Last year, we rolled out a brand new Visitor Engagement – my preferred wording – standard across Historic Royal Palaces (HRP) called ‘People Make Palaces’. It’s standard that recognises that at HRP, we have to work harder than most to welcome everyone.
We’re working against our own architecture. Places that were specifically designed to intimidate and reinforce hierarchy, or in the case of the Tower of London, literally designed to terrify. How can we break those barriers down? The only way is through people.
People make the place
People Make Palaces goes way beyond the type of training you might have had on a C******r S*****e course. We don’t train people to maintain eye contact or use open body language anymore; we recruit for it. We don’t hire Palaces People, we hire People People.
Then, when we do get the opportunity to do some precious frontline training – because there is never enough time to do that – we focus on really lifting the bar, talking about transactional analysis, empowering our colleagues to make real decisions with real budgets and how we have to zoom out and appreciate the entire picture of our visitor’s journey.
We use real examples from our work to demonstrate how we can embody our charity’s goal to become For Everyone through our Visitor Engagement. It’s not something we could have done through Customer Service.

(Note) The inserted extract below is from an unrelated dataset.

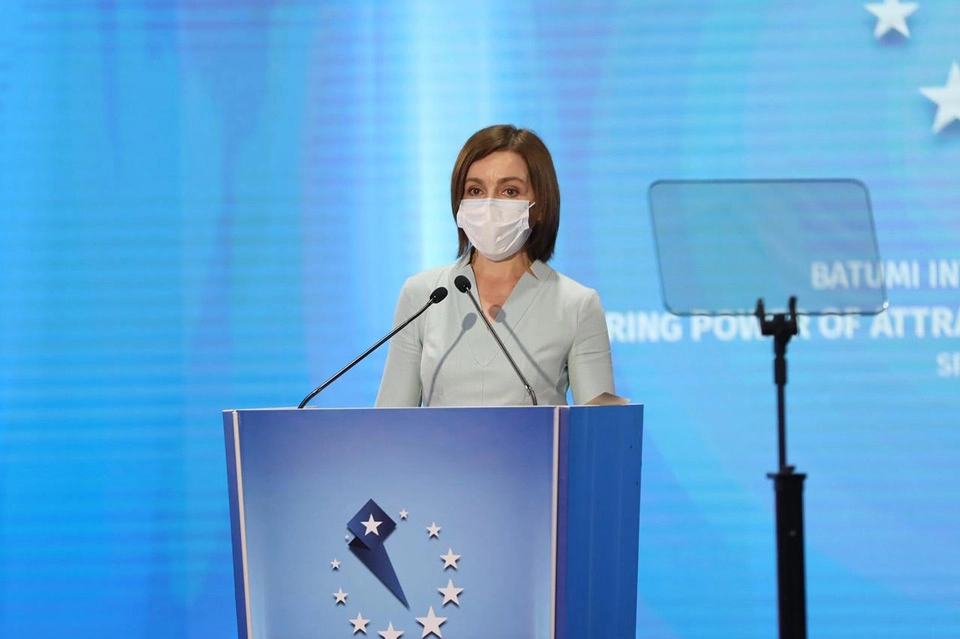 მოლდოვა მიიჩნეოდა წარმატებულად აღმოსავლეთ პარტნიორობაში, თუმცა მალევე ოლიგარქიულმა სისტემამ, კორუფციამ ჩაითრია ქვეყანა - მაია სანდუ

So, whilst my first two challenges are problems we have to solve, the third hints at the toolbox we need to solve them. Our environment is changing all the time, and that commonly-used acronym of VUCA – volatile, uncertain, complex, ambiguous – never more pertinent.
We won’t meet these new challenges by delivering Visitor Experience in the same way we have always done. Luckily, in the sector around me, I see no evidence of us trying to.
Maybe there’s a new book in it after all.